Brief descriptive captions
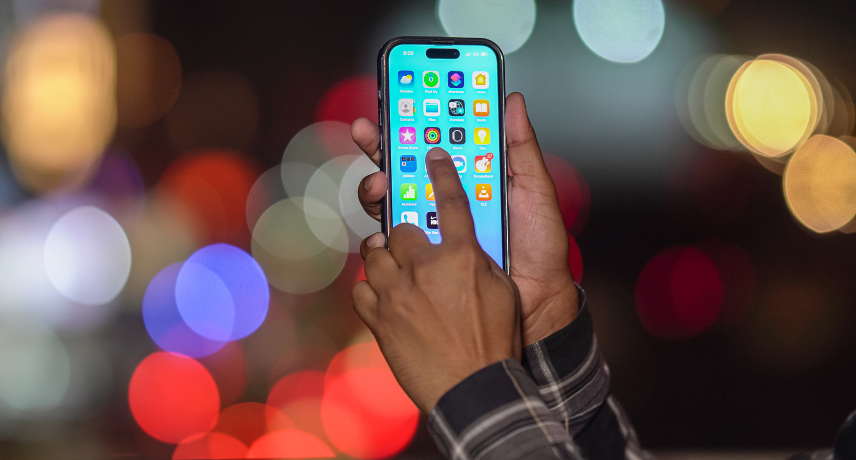 Franchise App Development
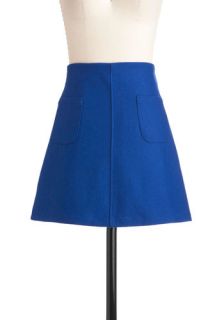 Grand Turi Skirt  Mod Retro Vintage Skirts
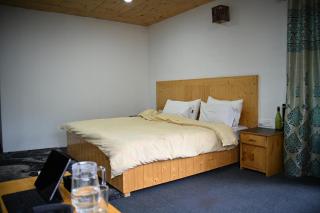 The Kailash Stay Sumur Nubra - 2
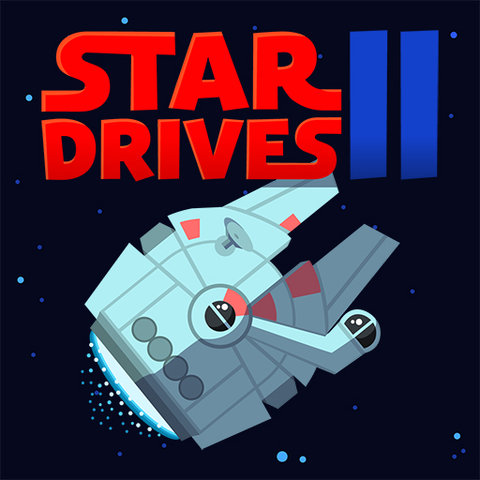 Star Drives 2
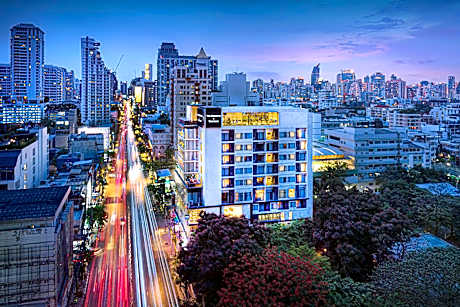 The Residence on Thonglor by UHG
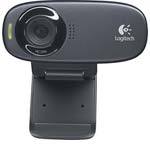 Logitech, Inc. Logitech HD Webcam C310 960-000585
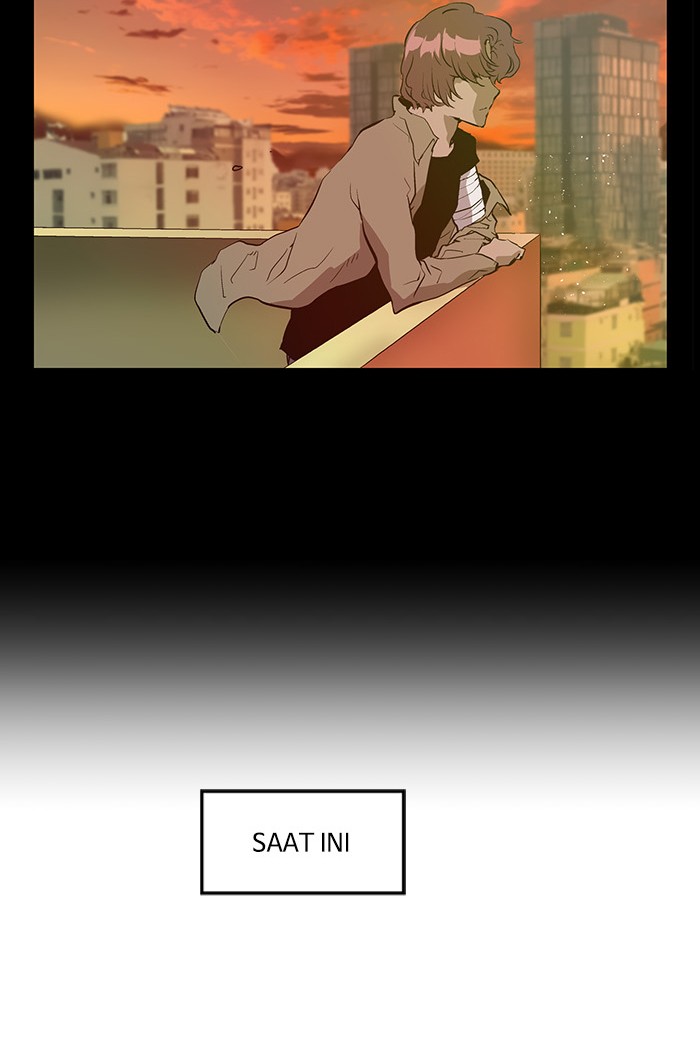Weak Hero Chapter 22 Gambar 87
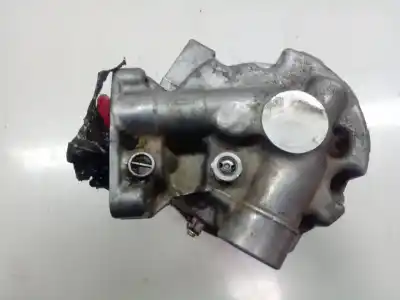 Second-hand car spare part air conditioning compressor for renault kadjar business oem iam references   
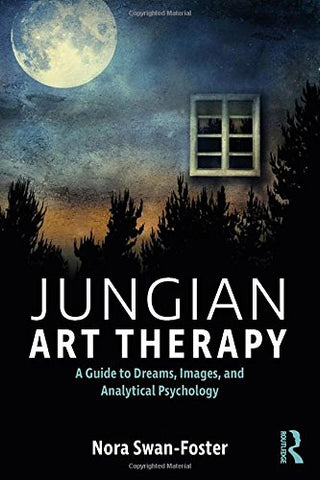 Jungian Art Therapy: Images, Dreams, and Active Imagination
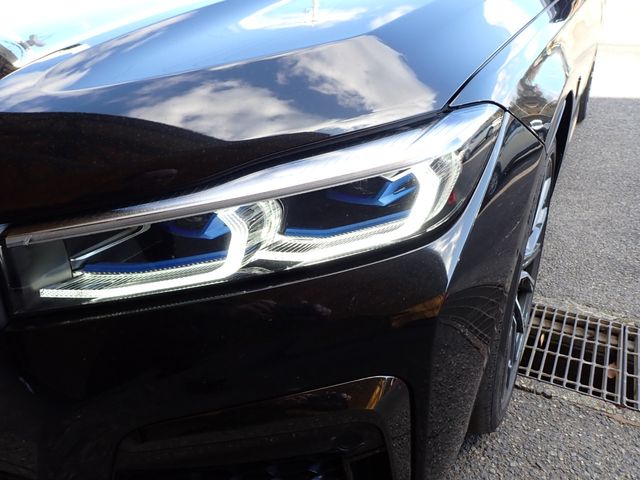 BMW BMW 7series 2019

■ Your objective: Leaving out the pictures, return exactly the lines from the one that contains "Star Drives 2" through the last line of the records above, inclusive.

■ Response below:
 Star Drives 2
 The Residence on Thonglor by UHG
 Logitech, Inc. Logitech HD Webcam C310 960-000585
Weak Hero Chapter 22 Gambar 87
 Second-hand car spare part air conditioning compressor for renault kadjar business oem iam references   
 Jungian Art Therapy: Images, Dreams, and Active Imagination
 BMW BMW 7series 2019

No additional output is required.